◆ **TRY IT**: Your answer should be an exact copy of the lines from the start of the entries to the line containing "KARÁCSONYFADÍSZ 12 DB-OS", both included.

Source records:
┄┄┄┄┄┄┄┄┄┄┄┄┄┄┄┄┄┄┄┄
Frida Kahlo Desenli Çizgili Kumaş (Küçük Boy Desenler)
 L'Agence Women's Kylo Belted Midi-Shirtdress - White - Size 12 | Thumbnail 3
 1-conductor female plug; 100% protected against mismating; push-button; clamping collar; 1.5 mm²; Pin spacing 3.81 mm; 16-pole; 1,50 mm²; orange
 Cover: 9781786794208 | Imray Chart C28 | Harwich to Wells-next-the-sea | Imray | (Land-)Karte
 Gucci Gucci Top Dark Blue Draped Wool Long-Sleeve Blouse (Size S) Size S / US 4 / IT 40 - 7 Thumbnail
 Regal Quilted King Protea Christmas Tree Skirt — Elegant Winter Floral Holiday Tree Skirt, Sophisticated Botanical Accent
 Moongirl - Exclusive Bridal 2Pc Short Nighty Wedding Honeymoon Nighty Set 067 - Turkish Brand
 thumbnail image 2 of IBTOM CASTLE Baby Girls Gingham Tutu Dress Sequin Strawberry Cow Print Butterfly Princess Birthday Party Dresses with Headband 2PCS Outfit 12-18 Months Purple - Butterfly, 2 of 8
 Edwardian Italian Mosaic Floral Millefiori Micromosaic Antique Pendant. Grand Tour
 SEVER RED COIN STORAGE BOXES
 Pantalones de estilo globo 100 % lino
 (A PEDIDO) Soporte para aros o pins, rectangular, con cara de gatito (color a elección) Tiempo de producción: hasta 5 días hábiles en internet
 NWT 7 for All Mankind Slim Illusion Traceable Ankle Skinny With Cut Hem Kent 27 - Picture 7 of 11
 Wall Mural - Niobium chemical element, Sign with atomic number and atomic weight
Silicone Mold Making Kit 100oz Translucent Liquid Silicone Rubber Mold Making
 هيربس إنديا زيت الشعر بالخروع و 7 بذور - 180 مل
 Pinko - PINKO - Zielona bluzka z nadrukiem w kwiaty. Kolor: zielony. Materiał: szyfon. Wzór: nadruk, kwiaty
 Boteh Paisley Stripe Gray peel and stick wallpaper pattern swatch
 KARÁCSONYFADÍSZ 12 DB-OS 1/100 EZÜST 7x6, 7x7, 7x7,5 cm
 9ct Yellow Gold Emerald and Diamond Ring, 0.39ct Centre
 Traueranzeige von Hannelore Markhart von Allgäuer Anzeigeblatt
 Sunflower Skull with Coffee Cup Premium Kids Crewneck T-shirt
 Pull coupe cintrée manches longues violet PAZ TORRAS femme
┄┄┄┄┄┄┄┄┄┄┄┄┄┄┄┄┄┄┄┄
◆ **PROBLEM SOLUTION**:
Frida Kahlo Desenli Çizgili Kumaş (Küçük Boy Desenler)
 L'Agence Women's Kylo Belted Midi-Shirtdress - White - Size 12 | Thumbnail 3
 1-conductor female plug; 100% protected against mismating; push-button; clamping collar; 1.5 mm²; Pin spacing 3.81 mm; 16-pole; 1,50 mm²; orange
 Cover: 9781786794208 | Imray Chart C28 | Harwich to Wells-next-the-sea | Imray | (Land-)Karte
 Gucci Gucci Top Dark Blue Draped Wool Long-Sleeve Blouse (Size S) Size S / US 4 / IT 40 - 7 Thumbnail
 Regal Quilted King Protea Christmas Tree Skirt — Elegant Winter Floral Holiday Tree Skirt, Sophisticated Botanical Accent
 Moongirl - Exclusive Bridal 2Pc Short Nighty Wedding Honeymoon Nighty Set 067 - Turkish Brand
 thumbnail image 2 of IBTOM CASTLE Baby Girls Gingham Tutu Dress Sequin Strawberry Cow Print Butterfly Princess Birthday Party Dresses with Headband 2PCS Outfit 12-18 Months Purple - Butterfly, 2 of 8
 Edwardian Italian Mosaic Floral Millefiori Micromosaic Antique Pendant. Grand Tour
 SEVER RED COIN STORAGE BOXES
 Pantalones de estilo globo 100 % lino
 (A PEDIDO) Soporte para aros o pins, rectangular, con cara de gatito (color a elección) Tiempo de producción: hasta 5 días hábiles en internet
 NWT 7 for All Mankind Slim Illusion Traceable Ankle Skinny With Cut Hem Kent 27 - Picture 7 of 11
 Wall Mural - Niobium chemical element, Sign with atomic number and atomic weight
Silicone Mold Making Kit 100oz Translucent Liquid Silicone Rubber Mold Making
 هيربس إنديا زيت الشعر بالخروع و 7 بذور - 180 مل
 Pinko - PINKO - Zielona bluzka z nadrukiem w kwiaty. Kolor: zielony. Materiał: szyfon. Wzór: nadruk, kwiaty
 Boteh Paisley Stripe Gray peel and stick wallpaper pattern swatch
 KARÁCSONYFADÍSZ 12 DB-OS 1/100 EZÜST 7x6, 7x7, 7x7,5 cm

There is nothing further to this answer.